The Transformer decoder is used for the language model.

\[ \begin{align*} h_0 &= UW_e + W_p \\ h_l &= transformer\_block(h_{l-1}) \\ p(u) &= softmax(h_nW_e^T) \end{align*} \]

2. Supervised Fine-tuning

Objective: Adapt the pre-trained model to specific NLP tasks (e.g., classification, entailment, question answering) using labeled datasets.

\[L_2(\mathcal{C}) = \sum_{(x, y)} log P(y | x^1, \cdots, x^m)\]

where $\mathcal{C}$ is the labeled dataset.

The inputs are passed through the pre-trained model to get the final transformer's block activations $h_l^m$, which are then fed into the linear output layer to produce task-specific predictions.

\[ P(y | x^1, \cdots, x^m) = softmax(h_l^mW_y)\]

Additionally, the authors found that including an auxiliary language modeling objective during fine-tuning helped improve generalization and accelerate convergence.

\[L_3(\mathcal{C}) = L_2(\mathcal{C}) + \lambda L_1(\mathcal{C})\]

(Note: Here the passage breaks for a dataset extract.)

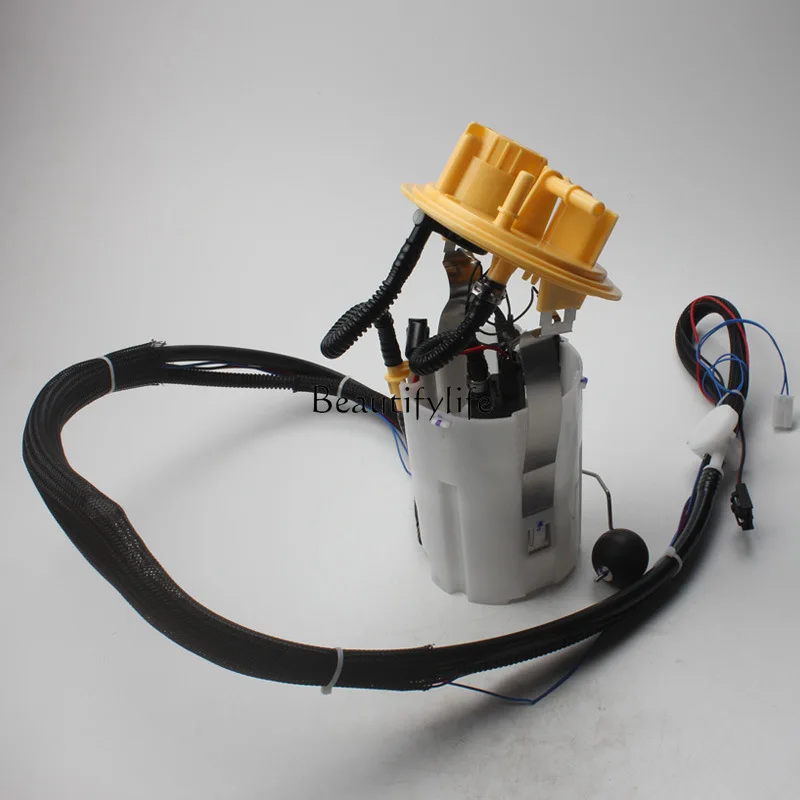 

1582980138 E8533M 30769013 FG1251 30761743 Auto Parts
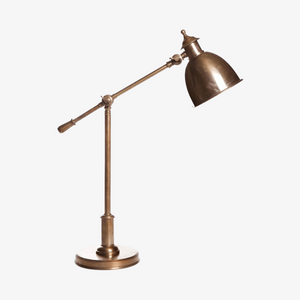Vermont Desk Lamp Urban Lighting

where $\lambda$ is a hyperparameter controlling the weight of the auxiliary language modeling loss.

Task-Specific Input Transformations

Since the model is trained on a single contiguous sequence of tokens, it requires task-specific input transformations to handle structured text inputs. These input transformations allow the use of a single model for multiple tasks, avoiding the need for task-specific architectures. The transformations include:

Textual Entailment: Concatenating premise and hypothesis with a delimiter token $ between them.
Similarity: Two sentences are concatenated with a delimiter token between them. Both possible sentence orderings are processed independently. They are then added element-wise before passing into the linear output layer.
Q&A: Given a document z, a question q, and a set of possible answers $a_k$. The document and question are concatenated with each possible answer $a_k$ with a delimiter token. Each sequence is processed independently and normalized via a softmax layer to produce a probability distribution over the possible answers.

Experiments

Pre-training was performed on the BooksCorpus dataset, which contains over 7,000 unpublished books.

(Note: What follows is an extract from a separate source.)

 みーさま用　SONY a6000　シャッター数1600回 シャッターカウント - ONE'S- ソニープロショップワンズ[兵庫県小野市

Model Specs: A 12-layer Transformer decoder with 768 hidden units and 12 attention heads, resulting in 117M parameters. For position-wise feed-forward, 3072 hidden states were used. Adam optimizer with a max learning rate of 2.5e-4 and a batch size of 64 was used for pre-training. The model was trained for 100 epochs. A simple weight initialization of $N(0, 0.02$ is used. Dropout with a rate of 0.1 was used for regularization. For activation, GELU was used. Learned positional embeddings were used instead of fixed sinusoidal embeddings.

Fine-tuning details: Learning rate was set to 6.25e-5, and the model was fine-tuned for 3 epochs on each task.

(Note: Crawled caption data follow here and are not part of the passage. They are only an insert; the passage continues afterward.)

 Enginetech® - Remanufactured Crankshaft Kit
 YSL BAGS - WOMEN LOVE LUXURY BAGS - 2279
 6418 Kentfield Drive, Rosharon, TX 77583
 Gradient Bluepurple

GPT-1 was evaluated on several benchmark NLP tasks, including: Natural Language Inference (SNLI, MNLI, QNLI, SciTail & RTE), Question Answering (RACE & Story Cloze), Semantic Similarity (MRPC, QQP & STS-B) and classification (CoLA & SST-2).

Analysis

Impact of number of layers transferred: Each layer in the pre-trained model captures useful functionality for target tasks. The authors found that transferring all layers of the pre-trained model to the target task yields better performance up to 9% on MultiNLI.

Ablations

Ablation studies in the GPT-1 paper examined the impact of:

Auxiliary LM during fine-tuning: The auxiliary objective helps on the NLI task and QQP. Overall, it's beneficial for larger datasets.
Transformer VS LSTM: LSTM shows a score drop of 5.6 on average.
Supervised vs Semi-supervised: Lack of pre-training hurts performance across all tasks.